Malcolm Rees has been photographing UK tournaments for almost a decade. He spoke exclusively to Bow about how he does it.
How did you get started in archery photography?
I was quite involved in my university archery club, and when I graduated and was no longer eligible to compete at the university championships, I came along to do running repairs, keep an eye on our novice archers and generally help my club out. I also took a few photographs of my clubmates so they would have some.
The following year, I also took photos of archers from clubs in our local university archery league (SWWU – South Wales & West Universities). By the year after, I was getting people from other universities asking if I could take their photo as well. It wasn’t long until I was there only to take photos of people.
Which events do you try to go to every year?
The events that I prioritise every year are the University Archery Championships – usually two to three indoor qualifying events and indoor and outdoor finals – and the British University Team Championships (BUCS), one of the loudest and most energetic shoots going.
Including times when I’ve attended as a university archer, I have attended nearly 50 BUCS events over the past 23 years, and it’s always fun to go to another host university and visit another city.
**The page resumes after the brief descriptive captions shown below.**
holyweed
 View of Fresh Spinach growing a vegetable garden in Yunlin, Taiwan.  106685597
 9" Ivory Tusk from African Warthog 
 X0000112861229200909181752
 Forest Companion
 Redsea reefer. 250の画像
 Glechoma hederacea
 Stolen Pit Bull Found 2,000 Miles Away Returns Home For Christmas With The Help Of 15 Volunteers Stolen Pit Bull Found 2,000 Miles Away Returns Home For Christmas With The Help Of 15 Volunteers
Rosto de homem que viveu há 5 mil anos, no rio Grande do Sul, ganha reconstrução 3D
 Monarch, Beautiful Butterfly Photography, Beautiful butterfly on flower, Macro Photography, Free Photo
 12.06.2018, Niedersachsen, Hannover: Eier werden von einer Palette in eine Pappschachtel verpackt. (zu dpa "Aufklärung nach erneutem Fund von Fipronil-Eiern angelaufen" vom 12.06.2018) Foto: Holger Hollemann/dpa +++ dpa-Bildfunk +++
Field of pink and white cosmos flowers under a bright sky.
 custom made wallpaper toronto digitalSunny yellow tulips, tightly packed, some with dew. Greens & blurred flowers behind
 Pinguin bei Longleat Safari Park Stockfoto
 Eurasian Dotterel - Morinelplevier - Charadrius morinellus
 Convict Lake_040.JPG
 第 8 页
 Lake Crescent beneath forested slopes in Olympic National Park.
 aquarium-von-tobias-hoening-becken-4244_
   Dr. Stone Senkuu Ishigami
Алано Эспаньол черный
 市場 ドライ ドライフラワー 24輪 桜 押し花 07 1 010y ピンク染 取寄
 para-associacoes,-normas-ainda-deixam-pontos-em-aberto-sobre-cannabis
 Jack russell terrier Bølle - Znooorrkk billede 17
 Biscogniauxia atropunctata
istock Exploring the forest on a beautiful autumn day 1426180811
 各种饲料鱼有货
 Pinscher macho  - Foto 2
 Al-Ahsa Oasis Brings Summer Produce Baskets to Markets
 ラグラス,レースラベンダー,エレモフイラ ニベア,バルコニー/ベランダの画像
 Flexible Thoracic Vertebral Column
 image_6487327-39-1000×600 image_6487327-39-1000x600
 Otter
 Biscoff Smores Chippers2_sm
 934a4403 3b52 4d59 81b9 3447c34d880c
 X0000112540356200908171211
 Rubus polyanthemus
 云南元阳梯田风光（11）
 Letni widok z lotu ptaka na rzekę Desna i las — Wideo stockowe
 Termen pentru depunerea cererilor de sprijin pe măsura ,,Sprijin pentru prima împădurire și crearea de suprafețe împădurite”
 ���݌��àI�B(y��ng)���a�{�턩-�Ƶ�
I’ve been to events as far north as Aberdeen, as far south as Crawley, as east as Norwich and as west as Cardiff for university archery.
Then there are the National Tour events – there had been eight on the 2020 calendar – and the associated finals at the end of the year. There are also a bunch of national shoots, such as the County Team Tournament, the All British Field Championships, the Youth Festival, the Disability Championships and the Combined Indoors (junior, senior and Back2Back), plus any extra shoots that might ask if I can come along. It can get quite busy sometimes. Occasionally I even get to shoot.
What camera and lenses do you use and why?
My camera is an Olympus E-M10 II, which is a nice small-bodied Micro Four Thirds camera. I have a full range of lenses for it that I’ve built up over the years, including a wide-angle 9-18mm, 12-50mm, 40-150mm (my most used lens) and a 75-300mm.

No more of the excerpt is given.